Directions for this task:
A verbatim copy of the records below, pictures omitted, is the task.
#### Records provided
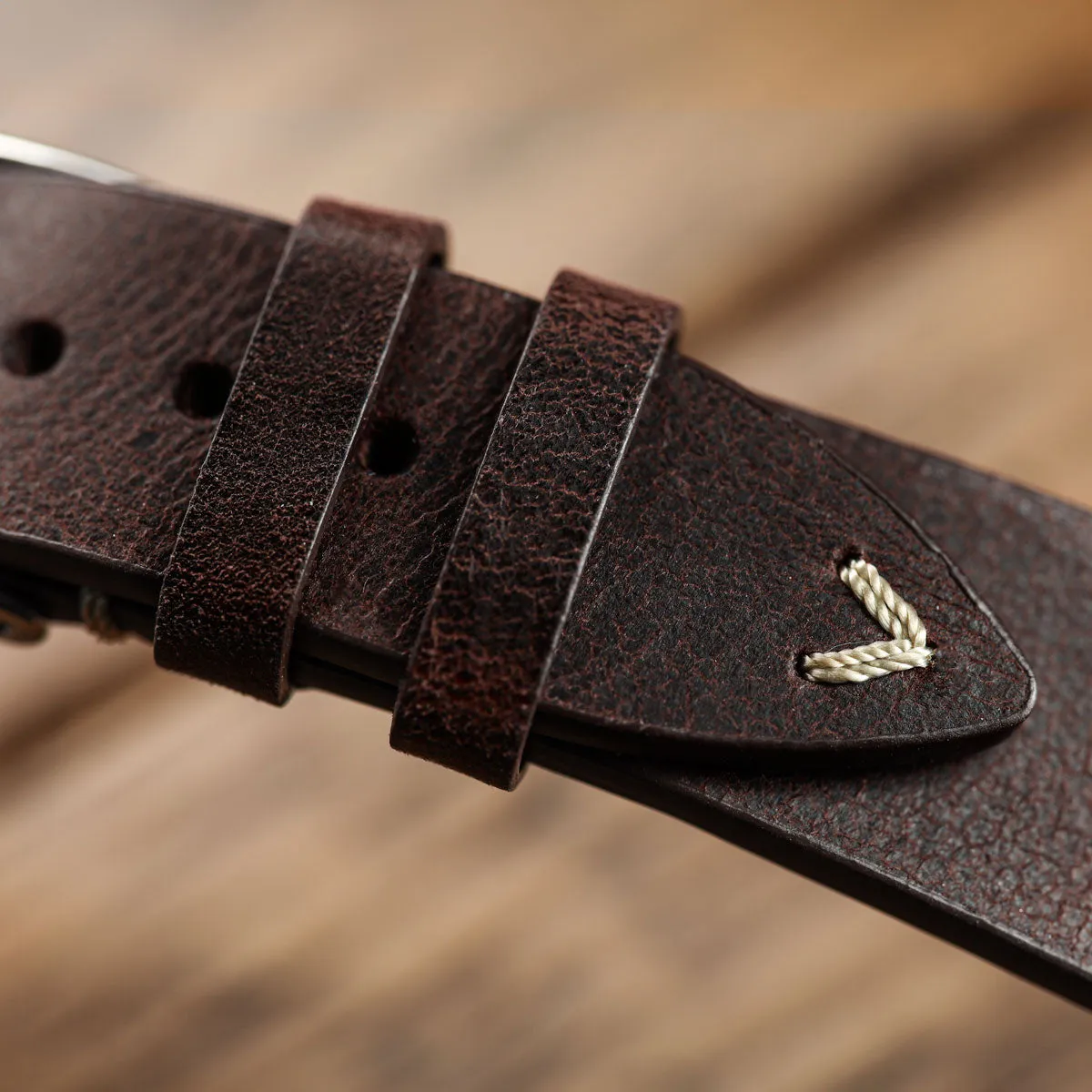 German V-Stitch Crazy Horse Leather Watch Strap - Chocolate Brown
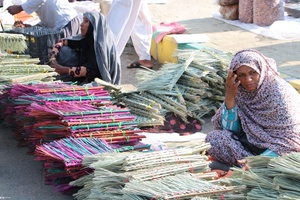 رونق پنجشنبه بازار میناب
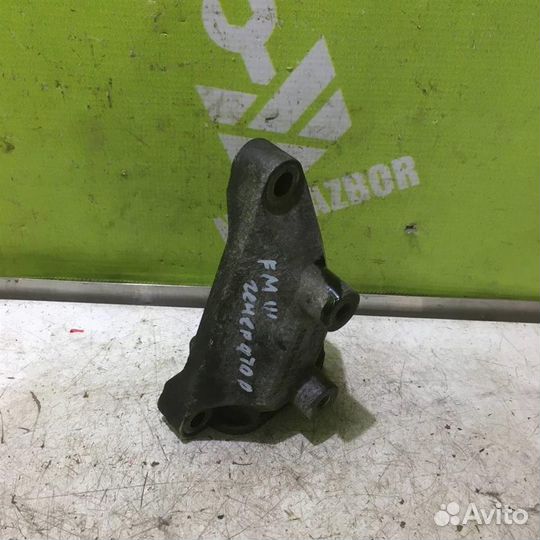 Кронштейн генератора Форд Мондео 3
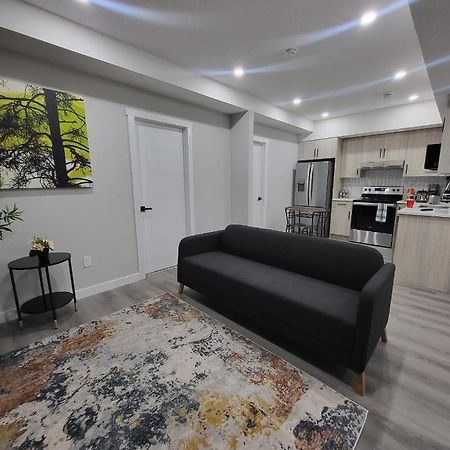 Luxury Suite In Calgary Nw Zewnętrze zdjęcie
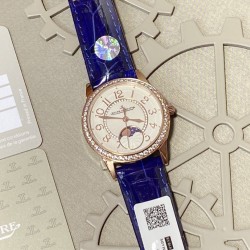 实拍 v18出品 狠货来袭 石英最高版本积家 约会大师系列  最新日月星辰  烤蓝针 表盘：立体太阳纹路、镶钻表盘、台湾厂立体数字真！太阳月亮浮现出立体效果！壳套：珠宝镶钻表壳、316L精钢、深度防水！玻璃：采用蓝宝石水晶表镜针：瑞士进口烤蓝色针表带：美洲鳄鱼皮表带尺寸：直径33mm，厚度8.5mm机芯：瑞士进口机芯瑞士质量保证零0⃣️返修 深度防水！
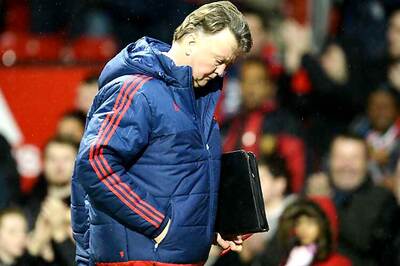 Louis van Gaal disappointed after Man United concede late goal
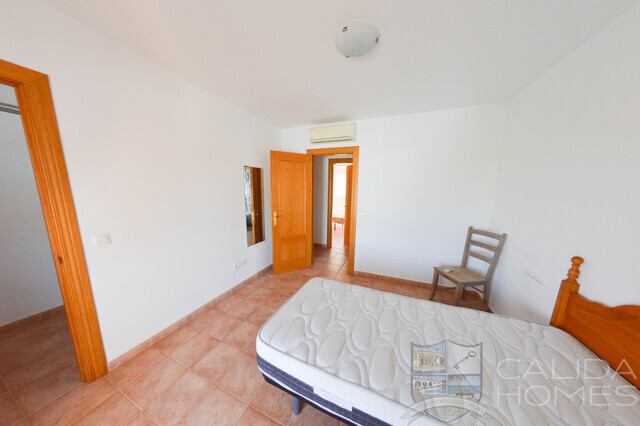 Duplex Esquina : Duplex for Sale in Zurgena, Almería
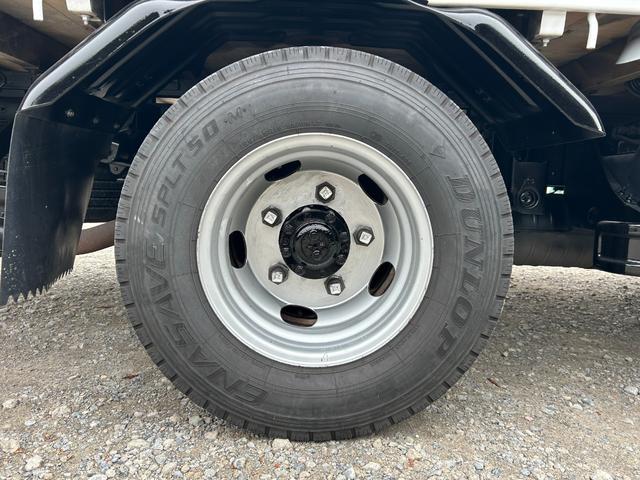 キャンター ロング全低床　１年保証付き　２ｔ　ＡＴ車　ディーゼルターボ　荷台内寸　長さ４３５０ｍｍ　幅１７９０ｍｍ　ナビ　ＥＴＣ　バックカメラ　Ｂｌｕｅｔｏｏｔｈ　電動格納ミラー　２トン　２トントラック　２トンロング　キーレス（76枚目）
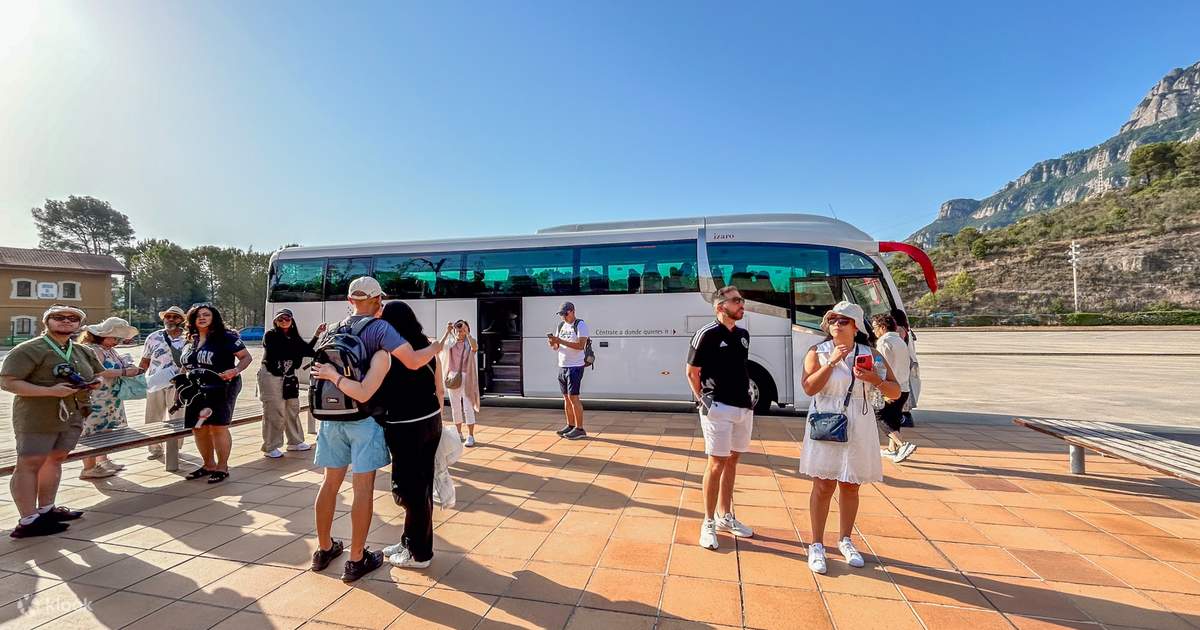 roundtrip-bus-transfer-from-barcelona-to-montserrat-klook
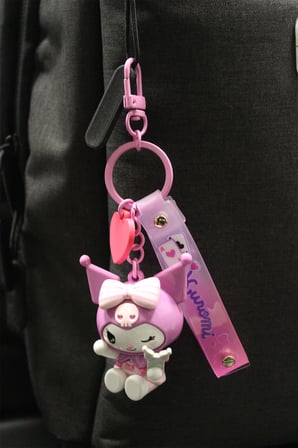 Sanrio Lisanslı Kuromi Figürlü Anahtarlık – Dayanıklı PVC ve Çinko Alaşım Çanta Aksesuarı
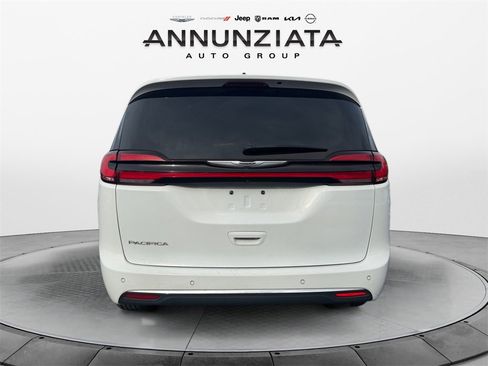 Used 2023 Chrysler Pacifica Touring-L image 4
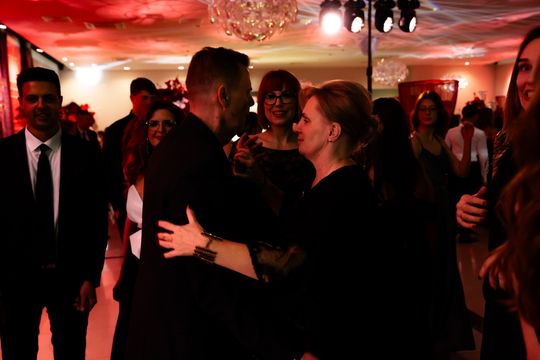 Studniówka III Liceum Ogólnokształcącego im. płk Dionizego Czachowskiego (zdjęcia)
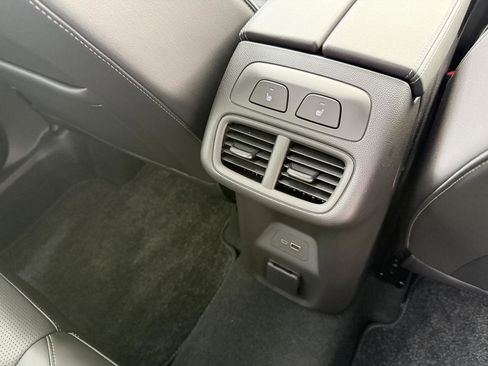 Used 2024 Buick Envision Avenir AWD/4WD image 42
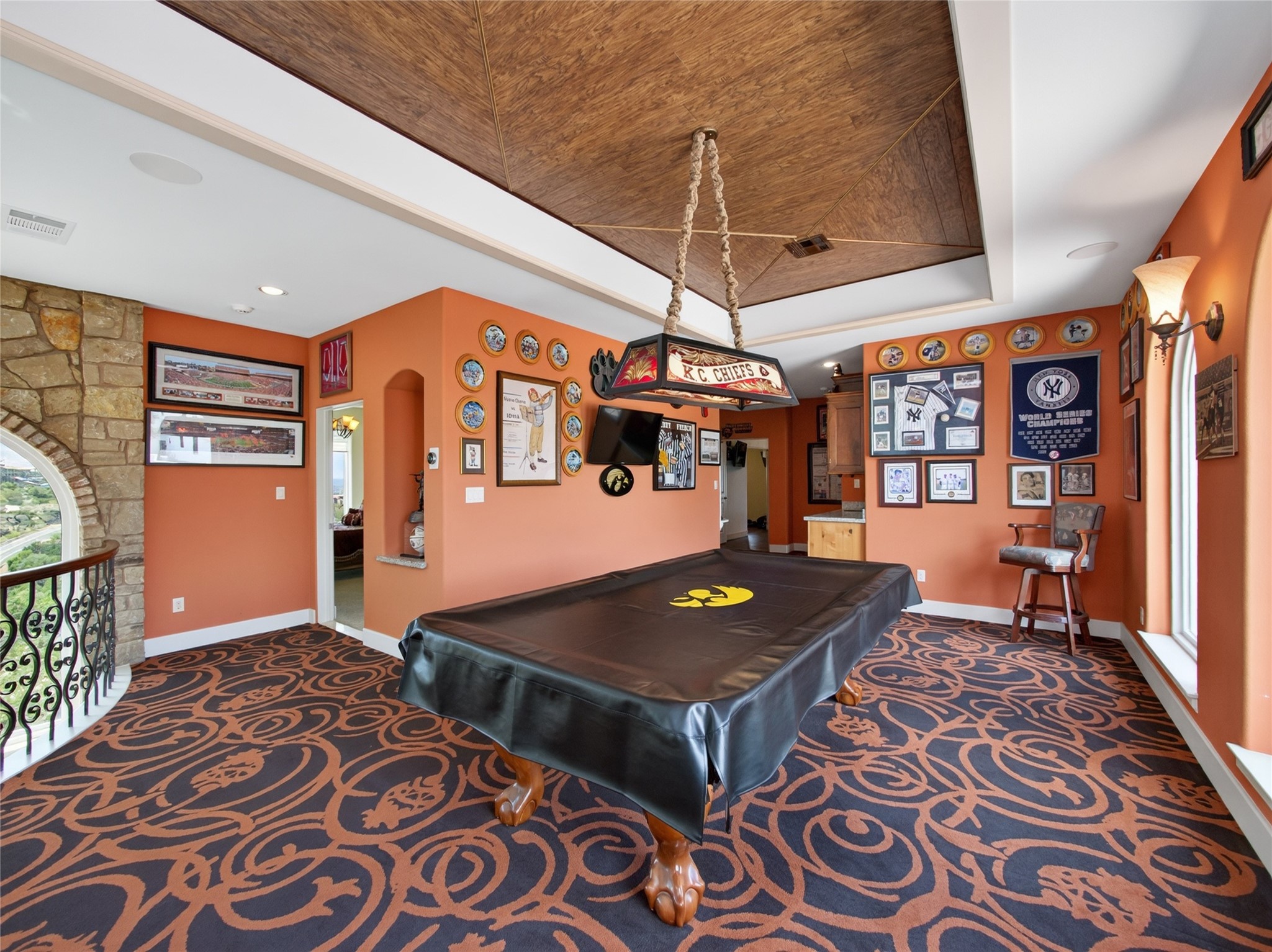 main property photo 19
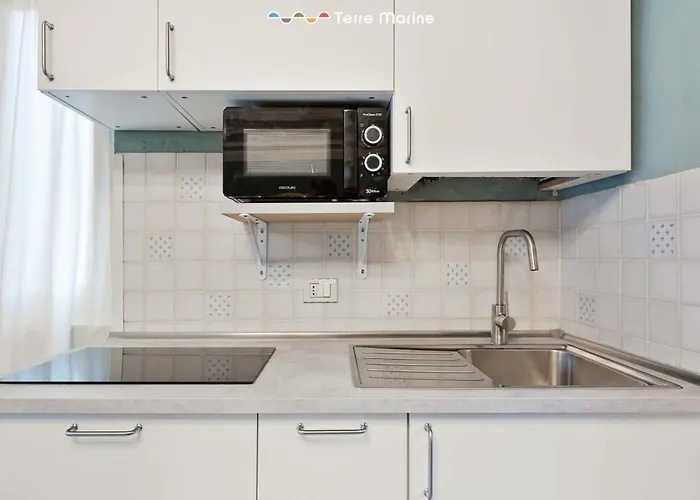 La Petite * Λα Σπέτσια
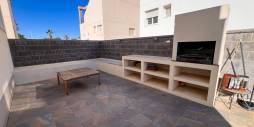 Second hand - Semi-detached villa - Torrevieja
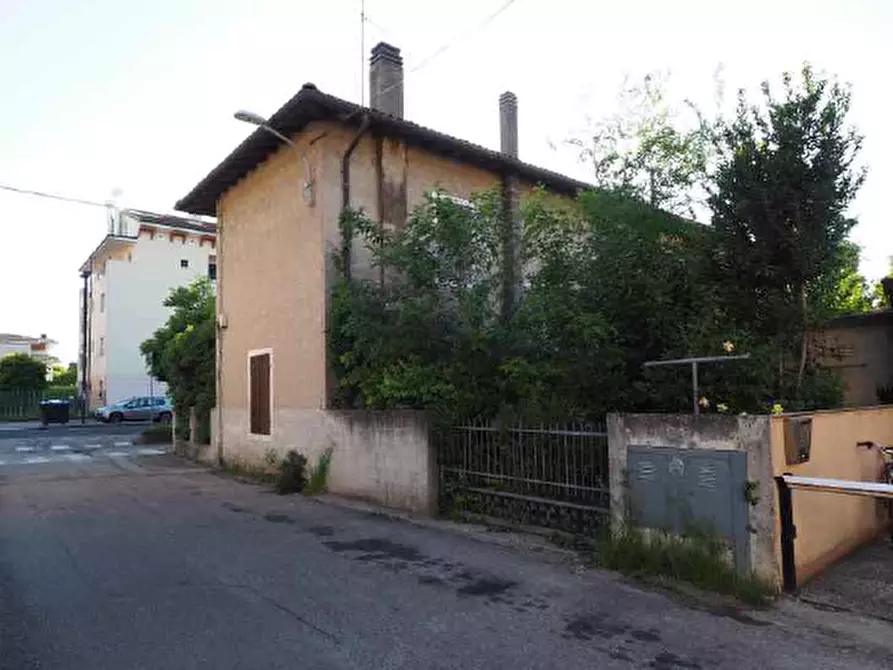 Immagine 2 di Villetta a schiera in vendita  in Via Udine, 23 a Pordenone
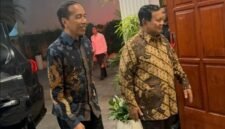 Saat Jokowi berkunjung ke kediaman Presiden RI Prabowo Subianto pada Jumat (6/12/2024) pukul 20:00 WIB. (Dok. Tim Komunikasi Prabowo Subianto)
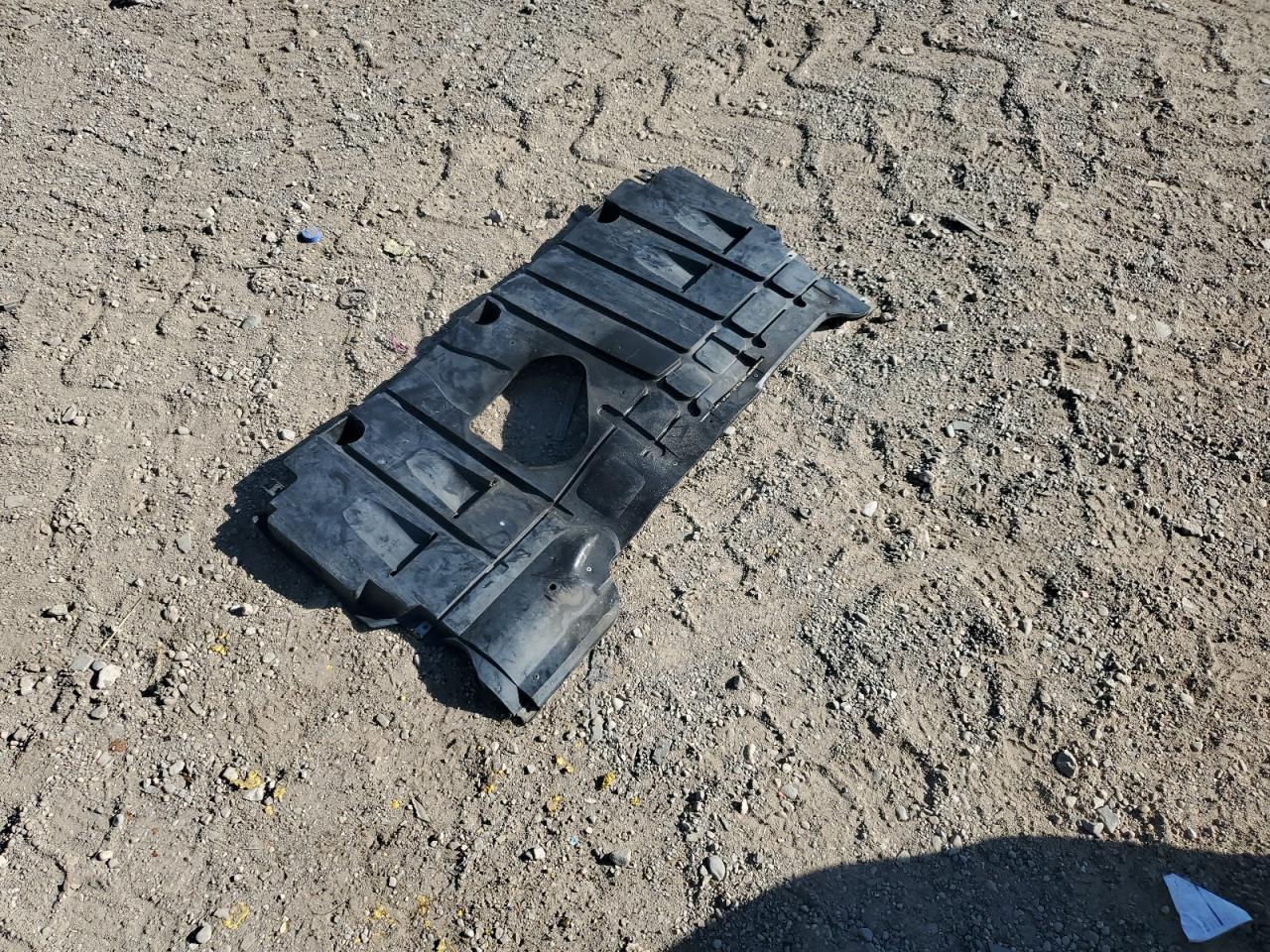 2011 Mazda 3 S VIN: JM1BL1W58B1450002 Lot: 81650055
########
Reply:
 German V-Stitch Crazy Horse Leather Watch Strap - Chocolate Brown
 رونق پنجشنبه بازار میناب
 Кронштейн генератора Форд Мондео 3
 Luxury Suite In Calgary Nw Zewnętrze zdjęcie
 实拍 v18出品 狠货来袭 石英最高版本积家 约会大师系列  最新日月星辰  烤蓝针 表盘：立体太阳纹路、镶钻表盘、台湾厂立体数字真！太阳月亮浮现出立体效果！壳套：珠宝镶钻表壳、316L精钢、深度防水！玻璃：采用蓝宝石水晶表镜针：瑞士进口烤蓝色针表带：美洲鳄鱼皮表带尺寸：直径33mm，厚度8.5mm机芯：瑞士进口机芯瑞士质量保证零0⃣️返修 深度防水！
 Louis van Gaal disappointed after Man United concede late goal
 Duplex Esquina : Duplex for Sale in Zurgena, Almería
 キャンター ロング全低床　１年保証付き　２ｔ　ＡＴ車　ディーゼルターボ　荷台内寸　長さ４３５０ｍｍ　幅１７９０ｍｍ　ナビ　ＥＴＣ　バックカメラ　Ｂｌｕｅｔｏｏｔｈ　電動格納ミラー　２トン　２トントラック　２トンロング　キーレス（76枚目）
 roundtrip-bus-transfer-from-barcelona-to-montserrat-klook
 Sanrio Lisanslı Kuromi Figürlü Anahtarlık – Dayanıklı PVC ve Çinko Alaşım Çanta Aksesuarı
 Used 2023 Chrysler Pacifica Touring-L image 4
 Studniówka III Liceum Ogólnokształcącego im. płk Dionizego Czachowskiego (zdjęcia)
 Used 2024 Buick Envision Avenir AWD/4WD image 42
 main property photo 19
 La Petite * Λα Σπέτσια
 Second hand - Semi-detached villa - Torrevieja
 Immagine 2 di Villetta a schiera in vendita  in Via Udine, 23 a Pordenone
 Saat Jokowi berkunjung ke kediaman Presiden RI Prabowo Subianto pada Jumat (6/12/2024) pukul 20:00 WIB. (Dok. Tim Komunikasi Prabowo Subianto)
 2011 Mazda 3 S VIN: JM1BL1W58B1450002 Lot: 81650055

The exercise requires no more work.